* **AVAILABLE DATA**:
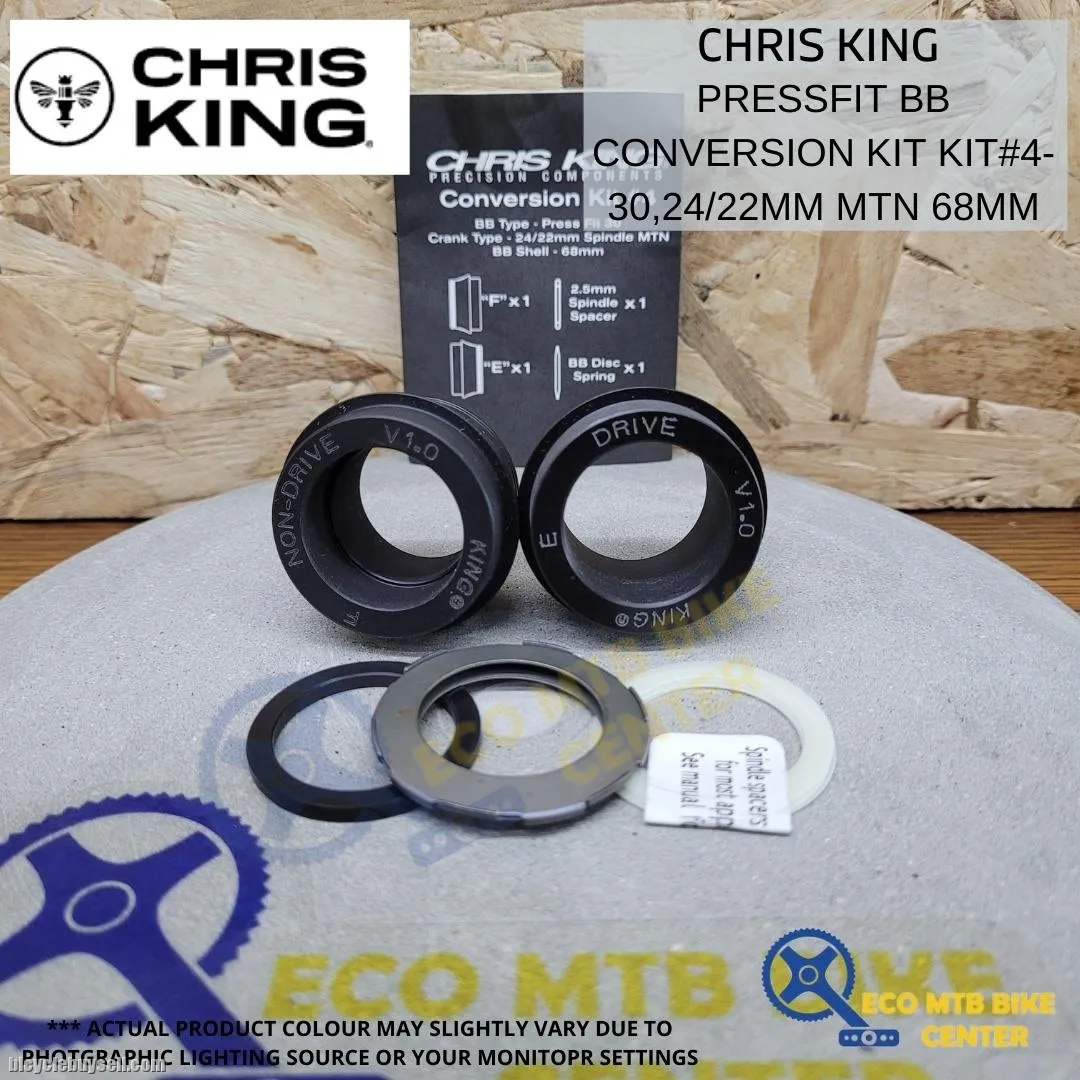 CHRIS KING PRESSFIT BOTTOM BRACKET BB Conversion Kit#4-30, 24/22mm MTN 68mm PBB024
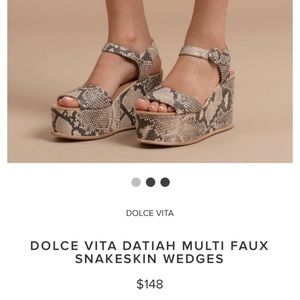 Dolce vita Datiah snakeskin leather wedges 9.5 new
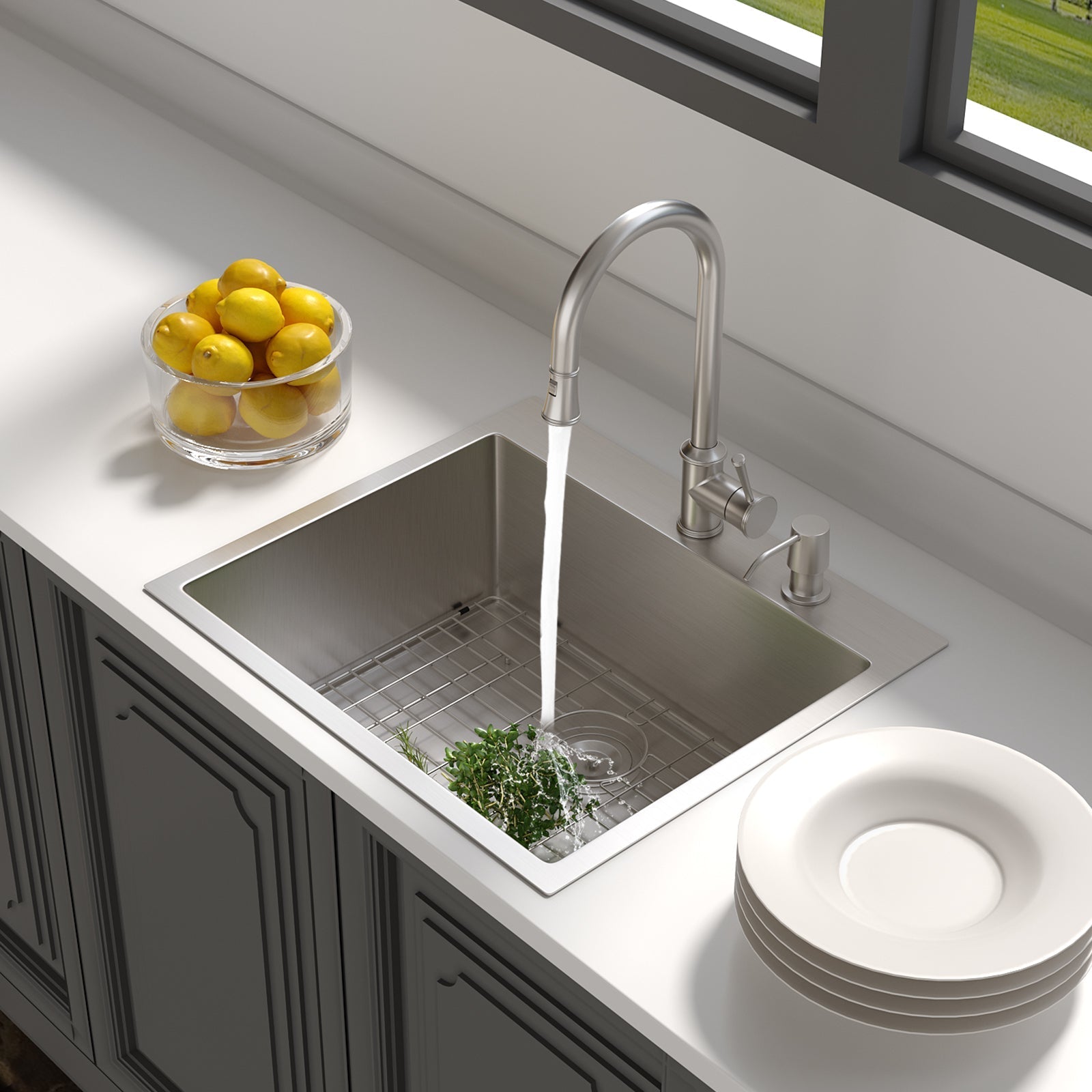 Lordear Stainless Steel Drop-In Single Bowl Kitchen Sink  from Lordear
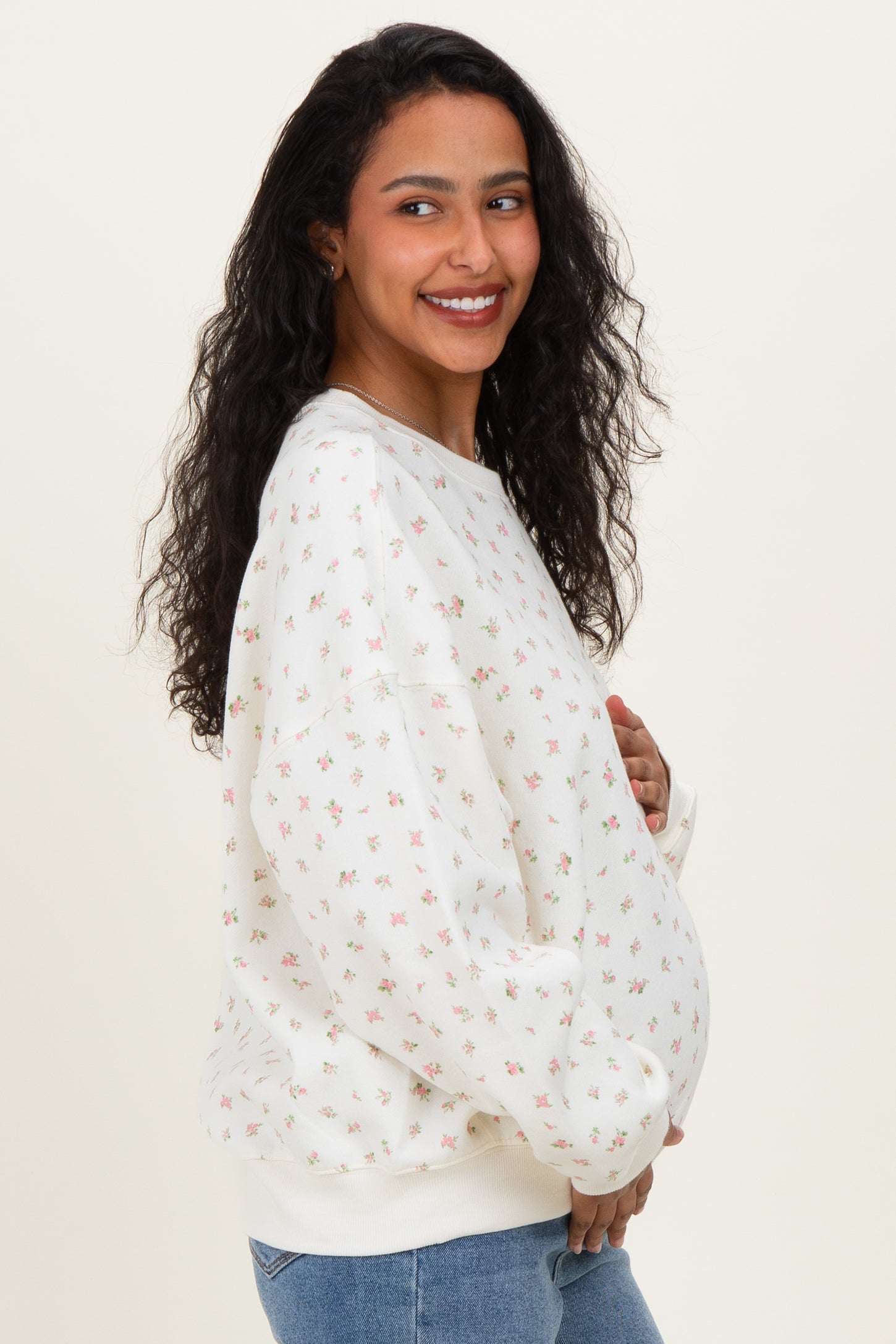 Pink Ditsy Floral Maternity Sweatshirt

* **TASK DETAILS**: Find the line with "Dolce vita Datiah". Reproduce it and every line after it through the last line above exactly, leaving out the pictures.

* **ANSWER BELOW**:
 Dolce vita Datiah snakeskin leather wedges 9.5 new
 Lordear Stainless Steel Drop-In Single Bowl Kitchen Sink  from Lordear
 Pink Ditsy Floral Maternity Sweatshirt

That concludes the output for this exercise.